TASK DIRECTIONS ▸
Only what runs from the line with "Hi everybody. I'm" to the end of the data should appear in the answer, exactly as written and without pictures.

SOURCE INFORMATION ▸
.....

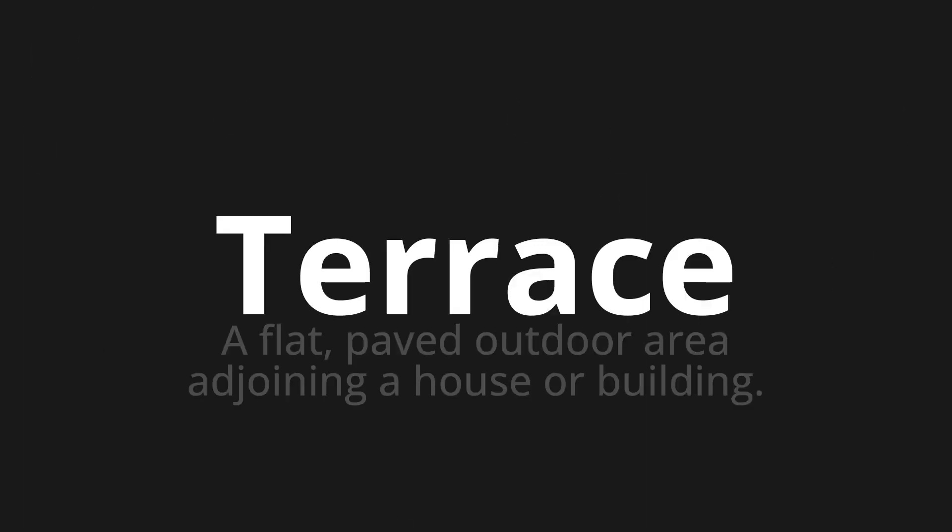Welcome to this pronunciation video. Today we will be focusing on a new word that you might find challenging or intriguing. So let's dive into today's word: Terrace, which means a flat, paved outdoor area adjoining a house or building.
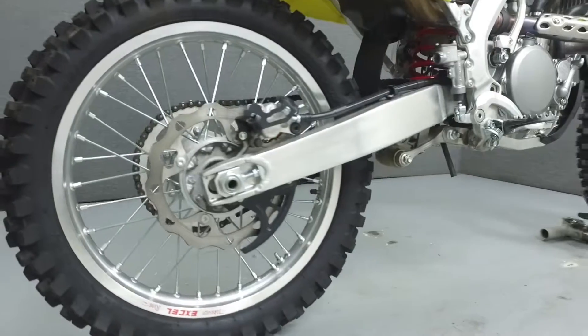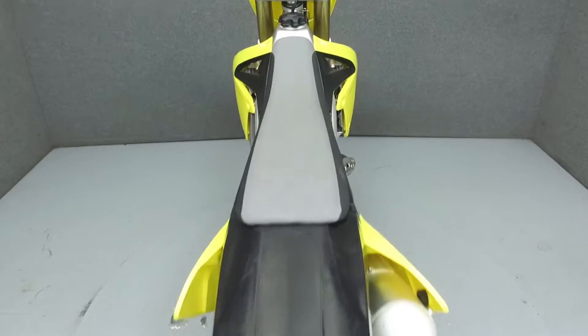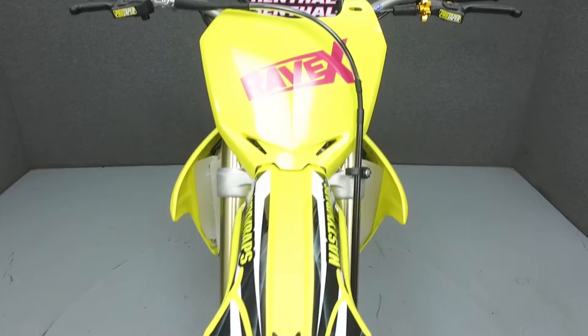Rather than describing any cosmetic flaws, which can be very subjective, we have taken this high resolution video so that you can get an exact representation of what this vehicle looks like in real life. Our goal is to provide you the ability to virtually walk around and inspect it as if you were here in person.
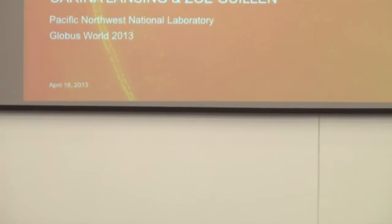Hi everybody. I'm Karina Lansing from Pacific Northwest National Lab. I'm a software architect and we develop a lot of software for users to help them integrate with HPC computing facilities and services and manage all their data and provenance and try to make it easy. My main thing is I try to make the user interface and everything simple for users. I'm really user focused.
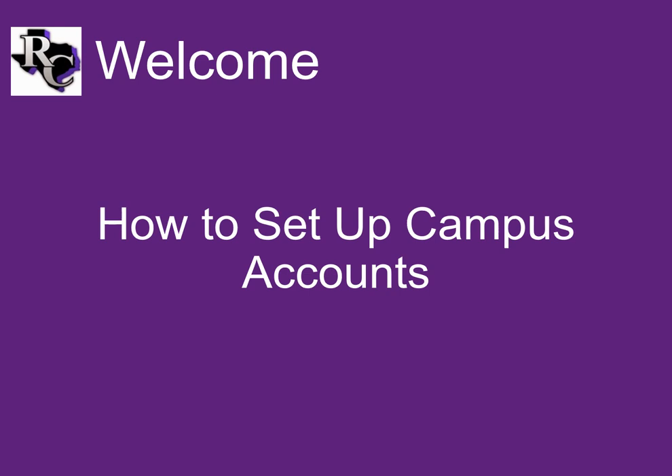Hello and welcome to Ranger College. These first few days are going to be hectic, but we can get you through them. To start you off, here are ways to access all of the accounts you're going to need while you're at the school.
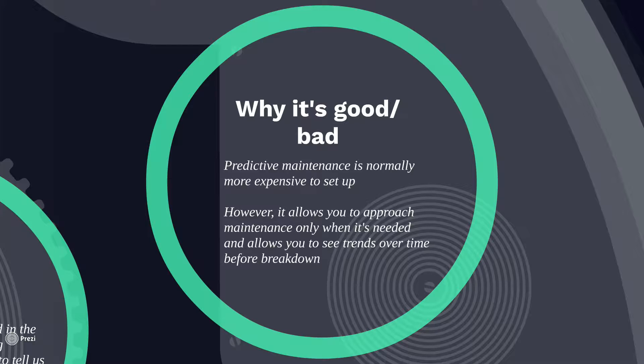That happens quite often because we're not always sure whether it's three months, four months, or two months to create a preventative maintenance work order. With predictive maintenance, we can see exactly when we need to have that maintenance work order generated.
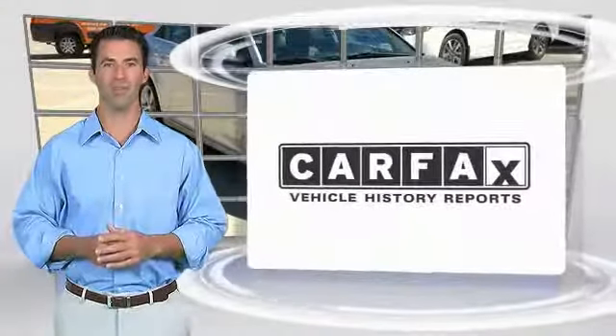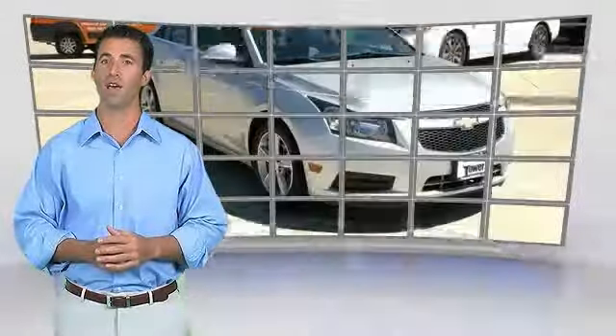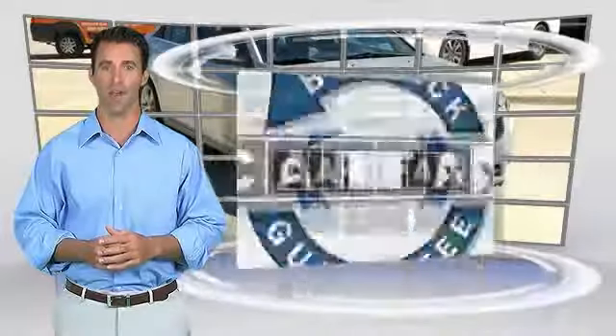Here's another high-quality vehicle with the Carfax Vehicle History Report. Be sure to find a complimentary copy of this report online or contact the dealership. This vehicle qualifies for the Carfax Buyback Guarantee.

.....

WRITTEN ANSWER ▸
Hi everybody. I'm Karina Lansing from Pacific Northwest National Lab. I'm a software architect and we develop a lot of software for users to help them integrate with HPC computing facilities and services and manage all their data and provenance and try to make it easy. My main thing is I try to make the user interface and everything simple for users. I'm really user focused.
Hello and welcome to Ranger College. These first few days are going to be hectic, but we can get you through them. To start you off, here are ways to access all of the accounts you're going to need while you're at the school.
That happens quite often because we're not always sure whether it's three months, four months, or two months to create a preventative maintenance work order. With predictive maintenance, we can see exactly when we need to have that maintenance work order generated.
Here's another high-quality vehicle with the Carfax Vehicle History Report. Be sure to find a complimentary copy of this report online or contact the dealership. This vehicle qualifies for the Carfax Buyback Guarantee.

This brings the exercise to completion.